There are more than enough depressing/infuriating/worrying news items to rant about here – climate change; wars; torture; erosion of civil liberties; random shootings; economic chaos; and so on ad nauseam. Which is why it’s all the more satisfying to be able to indulge in a completely irrelevant piece of spleen-venting, about someone that I’ll never meet and about a subject that is of no importance to the rest of the world.
Julie Myerson is a well-paid and successful writer who threw out her 17-year-old son, leaving him homeless and penniless. Then she wrote a novel about him and what a bad lot he was. Which got loads of publicity (to which I am foolishly contributing) as it turned out that lad, now 19, was less than pleased. It was also revealed in today’s Guardian that she was also the writer of a drivelly column (in the routinely unread Family Saturday supplement) about living with teenagers.

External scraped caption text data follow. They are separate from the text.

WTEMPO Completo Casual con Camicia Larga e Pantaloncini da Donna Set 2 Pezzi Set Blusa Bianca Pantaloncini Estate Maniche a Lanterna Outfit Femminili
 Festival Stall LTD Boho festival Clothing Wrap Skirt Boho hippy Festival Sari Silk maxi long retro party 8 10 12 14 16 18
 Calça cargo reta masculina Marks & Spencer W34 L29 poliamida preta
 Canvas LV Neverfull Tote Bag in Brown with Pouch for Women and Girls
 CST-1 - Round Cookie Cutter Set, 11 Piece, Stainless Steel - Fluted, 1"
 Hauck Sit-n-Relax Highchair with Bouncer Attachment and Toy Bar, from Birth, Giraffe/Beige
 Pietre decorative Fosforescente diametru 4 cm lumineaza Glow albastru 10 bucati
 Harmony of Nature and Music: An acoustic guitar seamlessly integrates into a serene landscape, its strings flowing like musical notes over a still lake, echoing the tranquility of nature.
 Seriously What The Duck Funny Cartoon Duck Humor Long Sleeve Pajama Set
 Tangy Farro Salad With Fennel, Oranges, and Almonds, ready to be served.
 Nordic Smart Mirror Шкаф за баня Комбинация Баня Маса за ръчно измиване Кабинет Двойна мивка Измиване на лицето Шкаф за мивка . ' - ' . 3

Her excuse for this throwing-a-child-on-the-street action – which would surely have brought normal people to the attention of Social Services – was his alleged addiction to smoking weed. (I kid you not)
Since then, she has been in all the tabloids. Her stance has been seen by some as “tough love” and plenty of other parents have been moved to tell their stories in the media. In the course of this media spectacle, the boy has even been allowed to express some of his feelings about his adolescence having being treated as book-promoting fodder.
Unfortunately, he’s not a professional writer so he hasn’t had the privileged access to the media. He’s only been able to talk about what the theft of his life has meant. He hasn’t been able to discuss how he feels about being so massively let down by the people who were supposed to care for him, for instance. Unlike his mother, he hasn’t been interviewed sympathetically on shows like BBC Breakfast. Unlike his mother, he’s the one whose prospects of getting accepted – by his peers, potential employers, and so on – as an autonomous adult have been shattered.
Now, this letter in today’s Guardian expressed, much better than I can, exactly what you would assume any sane person would feel about this, so I’m repeating it in full:
I worked for many years as a child psychologist and never came across any examples of severe behavioural problems in adolescents caused by cannabis use. What I did come across constantly were adults with appalling parenting skills who wished to attribute their children’s behavioural difficulties to food additives, ADHD, peer-group pressures or anything else which might distract from their own responsibility for the situation. Some teenagers do indeed become hard to handle as they get older. Some lose interest in satisfying their parents’ aspirations. Some listen to loud music. In general trying to get along with them as best one can and making sure they get plenty to eat is the best policy. Splattering complaints all over the media, inventing addictions and throwing the young person onto the streets is generally less successful. I would not recommend any parent to take the Myerson’s advice on bringing up children.
(from Greg McMillanrey Edinburgh)(I added the bold)
But this seems to be something of a minority view. For instance, A Smith says
I would like to thank Julie Myerson for having the courage to talk about an ordeal that is shared by probably thousands of loving families in this country.
Well, Julie, here’s some “tough love” from me – OK, this might just seem like unsought destructive verbal abuse, but I may have to refer to “pots” and “kettles.” (“You can dish it out but you can’t take it” and so on.)
When I saw you on today’s BBC Breakfast, I instantly thought how much I would hate to be trapped in a lift with you. You seemed completely self-obsessed, not to mention on the verge of a breakdown. You seemed so manically self-justifying, that I would have been sympathetic, were it not for the fact that you still don’t understand that you have done anything wrong to your son. You were just having a “me, me, poor me” fest. It was disturbing and baffling that people were emailing and ringing to support you, as if lots of shit parents were trying to block their innate awareness of their responsibilities by all joining in to make the blatant shittiness seem normal.
I can’t believe that you ever took your son’s real feelings into account at any stage in his life. I think you and your husband can’t relate to anything that doesn’t fit into your “perfect family” fantasy world. (Oh, we’re such a wacky family! Aren’t we lovably chaotic? So child-centred. We’re always pushed for time. And our teenagers swear! Tee Hee! And it all revolves around ME. )
As soon as your son started becoming an adolescent, it threatened your control of this imaginary world. So you scapegoated him for pretty average adolescent behaviour, then you decided that there was no blame to be attached anywhere except for the fact that he smoked weed.
Picking on one family member and making them bear the responsibility for any conflict in the home is using a scapegoat to dump all your own problems. This is pretty disgusting bullying in any circumstance. It’s indefensible if you do it to your own kids. Why did you give birth, ffs, if you weren’t going to respect your offspring?
Emotional abuse is emotional abuse, no matter how middle-class and well-paid you are and no matter how skillful you are at using the media to carry out your abuse and to collude in it, it’s still abuse.